Promote run8 EN-only to main; remove bilingual run7 artifacts

e50280a verified 16 days ago

2.65 kB

	---
	language:
	- en
	license: apache-2.0
	tags:
	- keyboard
	- language-model
	- mobile
	- ios
	- coreml
	- english
	library_name: pytorch
	pipeline_tag: text-generation
	---

	# Onit Keyboard LM (EN-only, run8)

	A 40M parameter English-only language model designed for next-word prediction
	in the Onit iOS keyboard.
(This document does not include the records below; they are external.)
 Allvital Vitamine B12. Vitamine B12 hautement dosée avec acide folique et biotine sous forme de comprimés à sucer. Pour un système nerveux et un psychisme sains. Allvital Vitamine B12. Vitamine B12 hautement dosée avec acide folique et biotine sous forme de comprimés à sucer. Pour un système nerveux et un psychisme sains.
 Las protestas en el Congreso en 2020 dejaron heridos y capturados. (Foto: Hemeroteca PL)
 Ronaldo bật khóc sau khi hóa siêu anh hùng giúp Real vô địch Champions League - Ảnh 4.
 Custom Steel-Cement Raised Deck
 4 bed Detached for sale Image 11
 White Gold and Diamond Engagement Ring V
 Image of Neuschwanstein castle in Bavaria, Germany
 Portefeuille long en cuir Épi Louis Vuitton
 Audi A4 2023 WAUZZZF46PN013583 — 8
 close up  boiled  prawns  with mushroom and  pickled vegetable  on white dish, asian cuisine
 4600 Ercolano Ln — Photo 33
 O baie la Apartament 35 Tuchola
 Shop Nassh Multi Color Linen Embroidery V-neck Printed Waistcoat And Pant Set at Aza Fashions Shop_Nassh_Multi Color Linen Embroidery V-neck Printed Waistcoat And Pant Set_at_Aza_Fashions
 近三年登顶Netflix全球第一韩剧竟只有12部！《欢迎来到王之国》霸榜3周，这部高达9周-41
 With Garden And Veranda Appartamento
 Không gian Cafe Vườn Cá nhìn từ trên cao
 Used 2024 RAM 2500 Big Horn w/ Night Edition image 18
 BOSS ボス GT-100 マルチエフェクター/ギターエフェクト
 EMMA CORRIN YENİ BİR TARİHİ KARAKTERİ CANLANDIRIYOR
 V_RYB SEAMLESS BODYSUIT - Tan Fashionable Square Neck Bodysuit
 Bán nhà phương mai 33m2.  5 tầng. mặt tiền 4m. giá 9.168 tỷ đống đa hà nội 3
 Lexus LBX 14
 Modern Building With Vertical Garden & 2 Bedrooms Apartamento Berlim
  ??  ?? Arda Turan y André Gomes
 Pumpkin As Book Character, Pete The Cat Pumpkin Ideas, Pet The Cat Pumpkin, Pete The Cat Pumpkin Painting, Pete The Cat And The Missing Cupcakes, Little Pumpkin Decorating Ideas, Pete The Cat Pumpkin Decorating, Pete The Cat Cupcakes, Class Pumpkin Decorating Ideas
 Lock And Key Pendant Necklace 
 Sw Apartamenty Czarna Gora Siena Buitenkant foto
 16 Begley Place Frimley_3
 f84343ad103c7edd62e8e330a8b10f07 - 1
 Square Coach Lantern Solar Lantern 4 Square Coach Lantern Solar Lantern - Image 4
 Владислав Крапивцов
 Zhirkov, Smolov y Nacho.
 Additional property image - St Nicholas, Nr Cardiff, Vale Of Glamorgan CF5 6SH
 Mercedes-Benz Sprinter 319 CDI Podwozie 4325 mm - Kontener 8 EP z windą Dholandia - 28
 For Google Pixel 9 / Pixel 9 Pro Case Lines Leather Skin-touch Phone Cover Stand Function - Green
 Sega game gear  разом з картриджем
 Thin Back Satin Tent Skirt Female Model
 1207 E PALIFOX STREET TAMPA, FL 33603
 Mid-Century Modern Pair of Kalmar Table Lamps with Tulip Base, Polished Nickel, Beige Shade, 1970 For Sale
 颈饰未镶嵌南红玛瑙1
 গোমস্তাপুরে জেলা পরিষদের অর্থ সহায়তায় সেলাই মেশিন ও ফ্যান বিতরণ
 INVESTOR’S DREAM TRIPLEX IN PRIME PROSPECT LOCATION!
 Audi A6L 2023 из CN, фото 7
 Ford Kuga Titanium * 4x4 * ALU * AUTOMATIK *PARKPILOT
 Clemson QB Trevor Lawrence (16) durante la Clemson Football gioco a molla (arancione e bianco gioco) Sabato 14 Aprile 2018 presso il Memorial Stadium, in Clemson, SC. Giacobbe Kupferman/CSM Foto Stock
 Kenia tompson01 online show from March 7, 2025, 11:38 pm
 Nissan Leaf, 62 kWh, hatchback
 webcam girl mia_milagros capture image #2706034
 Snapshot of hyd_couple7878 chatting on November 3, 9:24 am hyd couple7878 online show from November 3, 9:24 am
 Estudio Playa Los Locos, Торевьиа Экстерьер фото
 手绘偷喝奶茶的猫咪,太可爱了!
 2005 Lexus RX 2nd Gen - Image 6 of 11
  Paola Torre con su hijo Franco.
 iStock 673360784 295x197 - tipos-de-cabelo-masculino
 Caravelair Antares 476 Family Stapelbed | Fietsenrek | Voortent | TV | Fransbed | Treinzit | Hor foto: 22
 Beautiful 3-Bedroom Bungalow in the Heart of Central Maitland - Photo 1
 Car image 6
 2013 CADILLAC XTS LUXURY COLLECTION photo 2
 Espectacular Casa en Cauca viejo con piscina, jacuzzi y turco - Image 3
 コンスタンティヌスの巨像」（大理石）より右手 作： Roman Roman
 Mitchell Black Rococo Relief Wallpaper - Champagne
Replaces the previous bilingual run7 model that
	surfaced French tokens (`même`, `soit`, `des`, `présent`) in EN keyboard
	contexts.

	## Architecture

	\| Component \| Value \|
	\|-----------------------\|-----------------------------\|
	\| Type \| Causal LM (decoder-only) \|
	\| Parameters \| ~40M \|
	\| Vocabulary \| 16,384 BPE tokens (EN-only) \|
	\| Embedding dim \| 512 \|
	\| Layers \| 10 \|
	\| Attention heads \| 8 \|
	\| FFN dim \| 1408 (SwiGLU) \|
	\| Max sequence length \| 256 \|
	\| Positional encoding \| RoPE \|
	\| Normalization \| RMSNorm + QK-Norm \|
	\| Embeddings \| Tied (input = output) \|

	## Training

	EN-only corpus (43M lines, ~445M tokens):
	- `clean_en` (Tim's curated corpus)
	- `opensubtitles_en` (filtered for mislabeled French; deduplicated)

	Training run (run8):
	- 30,000 steps, lr 6e-5 cosine schedule, warmup 1000, effective batch 64
	- Validation PPL: 38.08 on the held-out EN val split
	- Test PPL: 37.88 on the held-out EN test split (no contamination)
	- 100 % argmax parity between PyTorch and the exported CoreML model

	## Files

	\| File \| Description \|
	\|---------------------------------------\|------------------------------------------------\|
	\| `keyboard_lm_seq128_fp16.mlpackage` \| CoreML mlprogram fp16, seq_len=128 (iOS) \|
	\| `tokenizer_en.json` \| BPE 16K tokenizer trained on the EN-only corpus\|
	\| `config.json` \| Model configuration \|

	## iOS usage notes

	- Strip trailing whitespace from prompts before tokenization. The model
	was trained on clean sentences and produces noisy subword fragments on
	inputs like `"Hey guys "` (with trailing space). Use
	`prompt.trimmingCharacters(in: .whitespacesAndNewlines)` before encoding.
	- 100 % argmax agreement between PyTorch and the exported CoreML model on
	validation prompts. Predictions on iOS match the PyTorch reference
	bit-for-bit (modulo fp16 quantization noise: max abs diff ≈ 0.011).

	## License

	Apache 2.0